Lincoln also wrote to a correspondent in 1860 that he had received:
“[M]any assurances . . . from the South that in no probable event will there be any very formidable effort to break up the Union. The people of the South have too much of good sense, and good temper, to attempt the ruin of the government, rather than see it administered as it was administered by the men who made it. At least, so I hope and believe.” Roy P. Basler (ed.), The Collected Works of Abraham Lincoln (8 vols.; New Brunswick, N.J., 1953), II, 355.
With the tickets punched and the issues floating in public discourse, the candidates sent out their messages by “campaign speakers and violently partisan newspapers.” See David Potter, The Impending Crisis: America Before the Civil War, 1848-1861, 435. The Republicans outmaneuvered the other parties, using their superior fundraising to inundate the North in their rhetoric. See id. In an election where there were four major-party candidates, the widespread dissemination of campaign literature was a crucial advantage. To further benefit the Republicans, the two Democrats running, Douglas and Breckinridge, controlled warring factions. Whereas in a traditional American two major-party presidential election there is only one adversarial relationship, there was contention and discord flowing between all four candidates and their supporters. See id. at 437. However, the northern states generally favored Lincoln and Douglas while the southern states gravitated toward Bell and Breckinridge. See id. at 438.

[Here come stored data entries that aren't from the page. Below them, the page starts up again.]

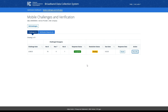This concludes the video tutorial of the BDC mobile challenge response process. For additional information, including data specifications and video tutorials, please visit the BDC Help Center, which can be accessed at any time by clicking the help link within the BDC system.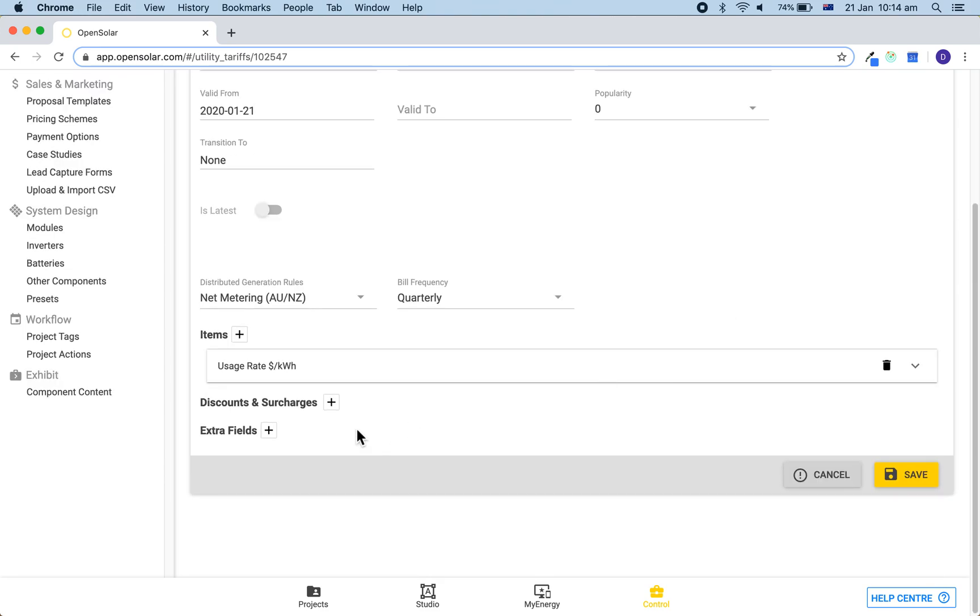Now we can add in the connection fee again, so we can add this in as a dollar per day.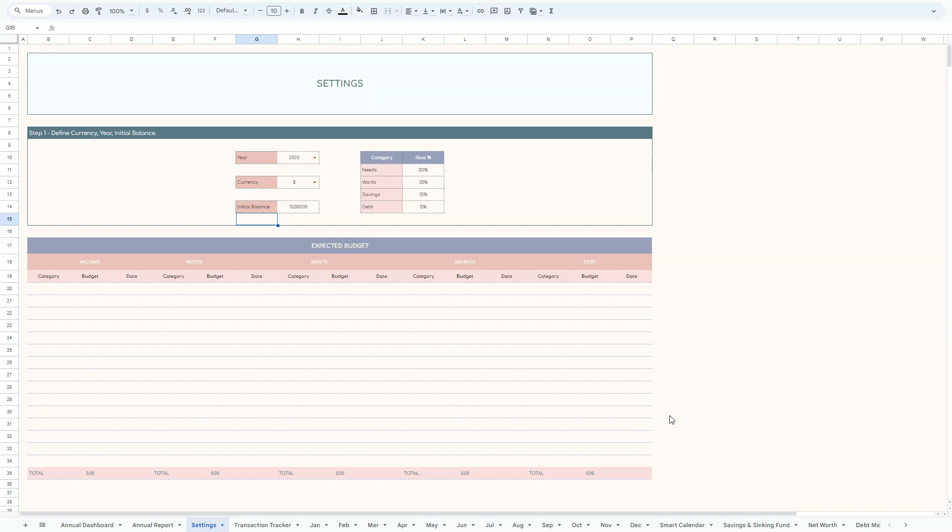Hi all, this is a tutorial for the 50/30/15/5% budget planner, which means each of those values correspond to our needs, wants, savings, and debt.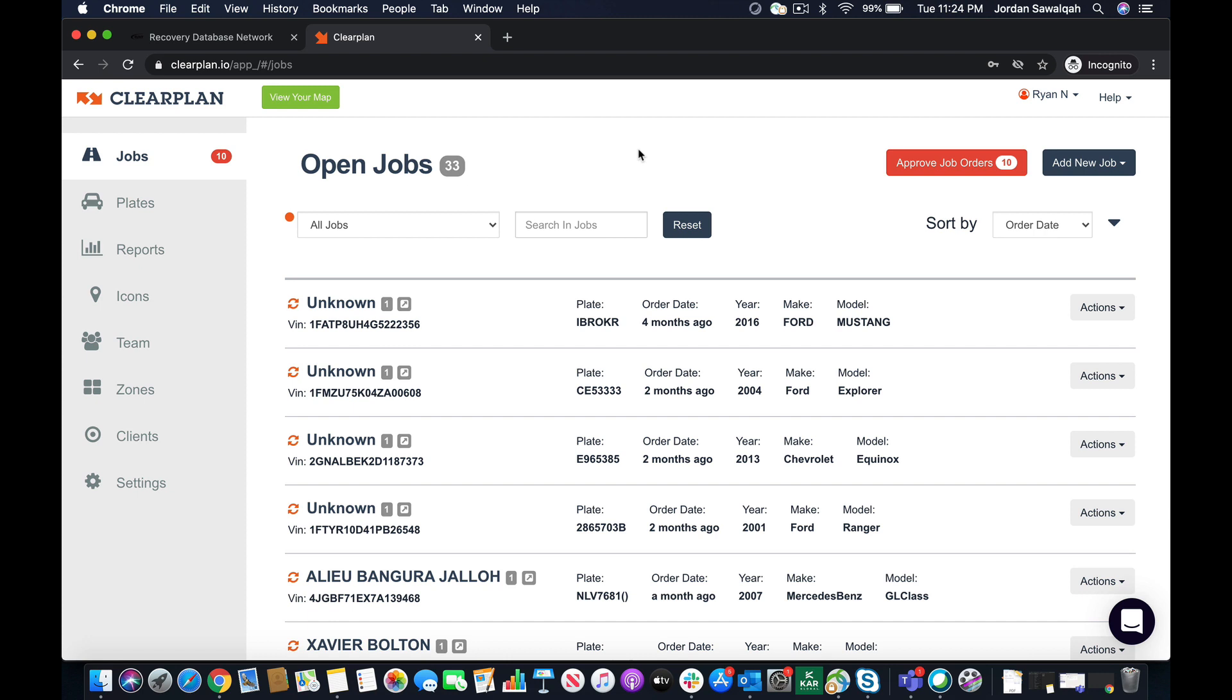they find the unit, they're going to call that unit in, the order is then going to come over. Once the order comes over, the office or any administrator is going to need to accept that order going into the agent's map.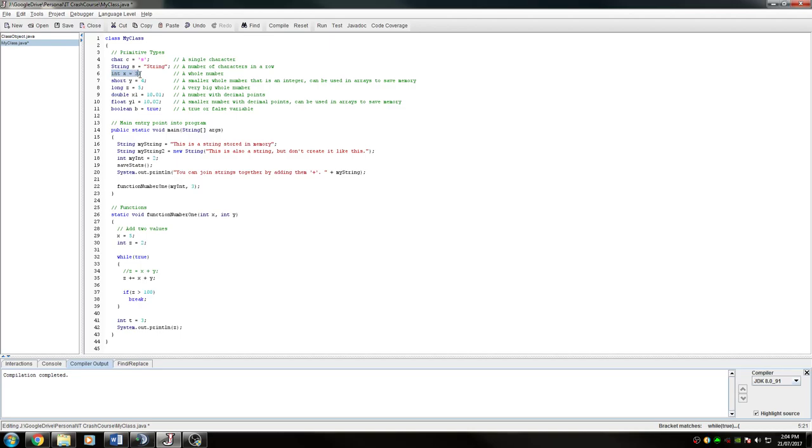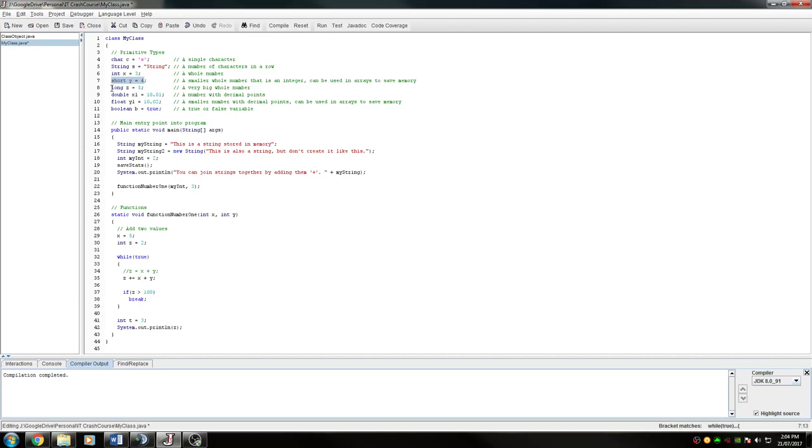An integer is a whole number without decimal places. A short is like an integer, apart from it has less memory allocated to it. An integer has a certain amount of memory allocated to it, while a short has less memory, so you can only use smaller numbers. It's useful for when you have arrays of numbers that aren't very big and you want to save resources and memory.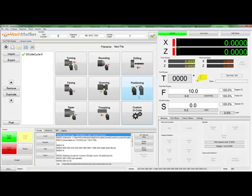This has been an overview of the MachMotion Lathe Canned Cycle's custom G-code cycle. We hope you enjoyed it, and if you want more information, please watch our other videos.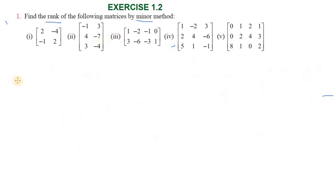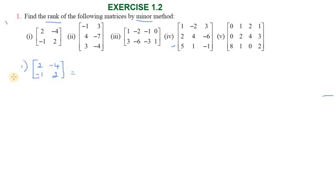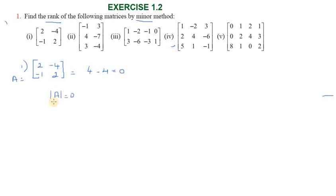First sum: the matrix is [2, 2, 2; minus 4, minus 1, 2]. We calculate the determinant. The determinant of A gives 4 minus 4 equal to zero. So the determinant value is zero — this is a singular matrix. Therefore P of A equals one, that is rank one.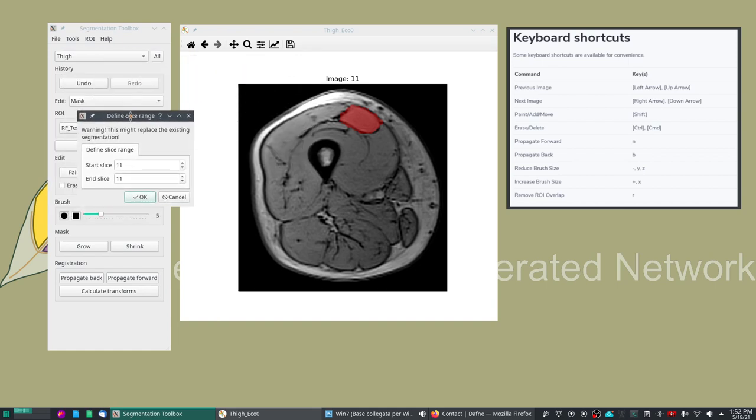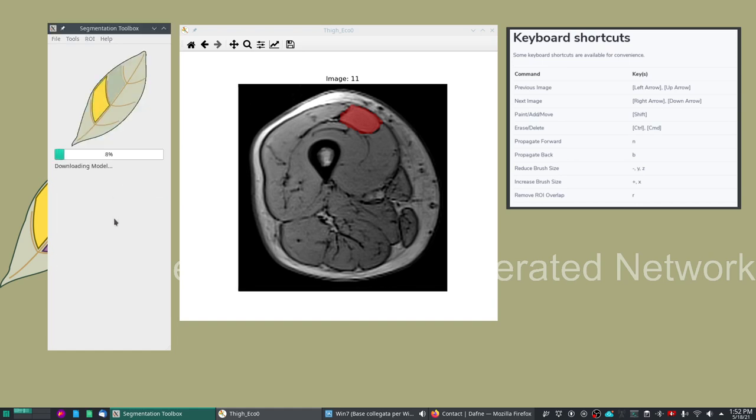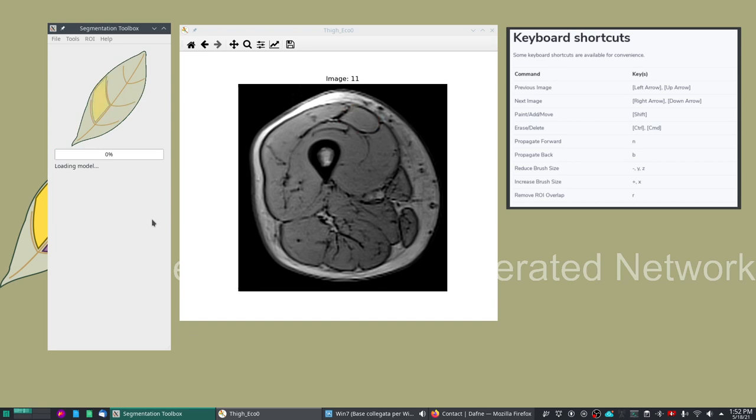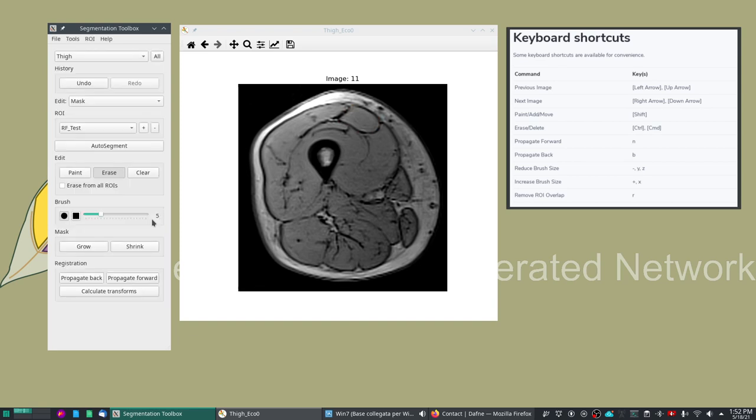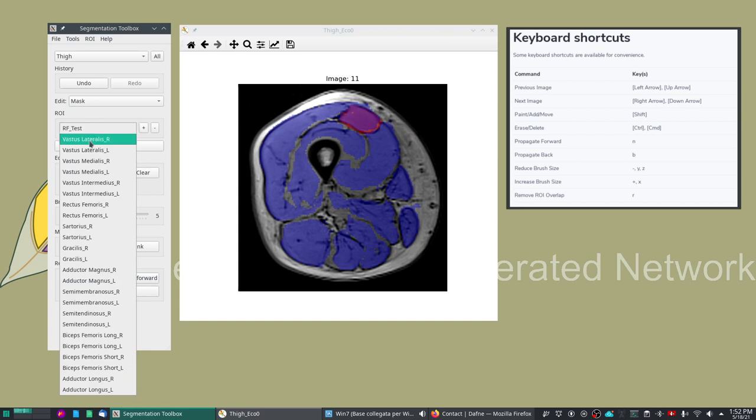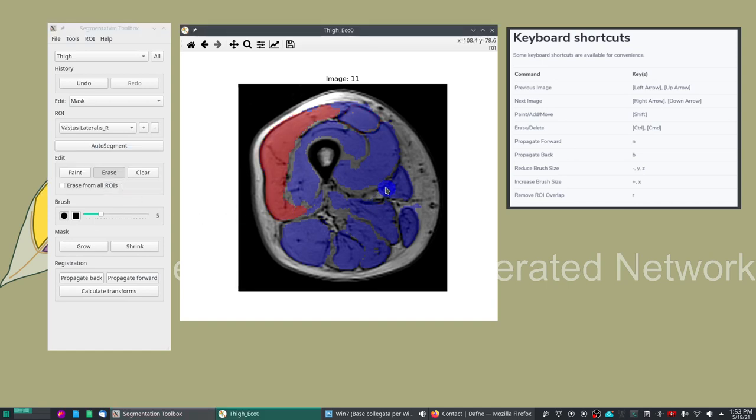Now we can click auto segment and this will replace the existing segmentation. If you have done some previous auto segmentation and modification, just clicking here will replace it. We'll just do it on one slice. You can select a slice range here but let's just do it on one. Now there is a new model that is being downloaded, receiving it from the server, and then it will load it in memory and run the segmentation. We still have the RF test here, we can delete it because we don't need it anymore.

Douglas toured the country with a simple message: no matter the result of the election (which he believed Lincoln would win), the Union must be saved. See id. at 441. Allan Nevins, a journalist and historian, said of Douglas:
“Never did Douglas’s claims to statemanship stand higher than when he thus pointed to a danger which most Republicans were denying or minimizing, and defied the Southerners and border men who were attacking him on the ground that he was a brutal coercionist.” Allan Nevins, The Emergence of Lincoln (2 vols.; New York, 1950), II, 290-98.
On November 6, 1860, Americans went to the polls for the 19th quadrennial presidential election. With approximately 1,865,000 votes and 180 electoral votes, Lincoln won the election, surpassing the 152 electoral vote threshold. In the popular vote count, Douglas finished second with approximately 1,000,000 votes, and Breckinridge finished behind him. See David Potter, The Impending Crisis: America Before the Civil War, 1848-1861, 442. Lincoln won the “battleground” states of Pennsylvania, Illinois, and Indiana, just as he knew was necessary. With Lincoln winning the northern states plus Oregon and California, Breckinridge won the bulk of the South with 72 electoral votes. See id. at 444. Thus, describing the election as in fact “two elections simultaneously” is not entirely inaccurate as the North and South chose their respective winners. See id. at 439. For the elections of Andrew Jackson, Martin Van Buren, William Henry Harrison, James Polk, Zachary Taylor, and Franklin Pierce, a majority of free states and a majority of slave states had voted for the winner. See id. at 446. In the Election of 1860, that trend was broken.
The long process of sectionalization of the country had finally manifested itself in presidential politics. The Republican candidate, Lincoln, had won solely by winning the North. One consequence was immediately clear to the country: slavery, long an established institution of American life, was to “be placed in the course of ultimate extinction.” Id. at 445. The southern talk of disunion, and northerners’ skepticism of that talk, was to be tested in short order.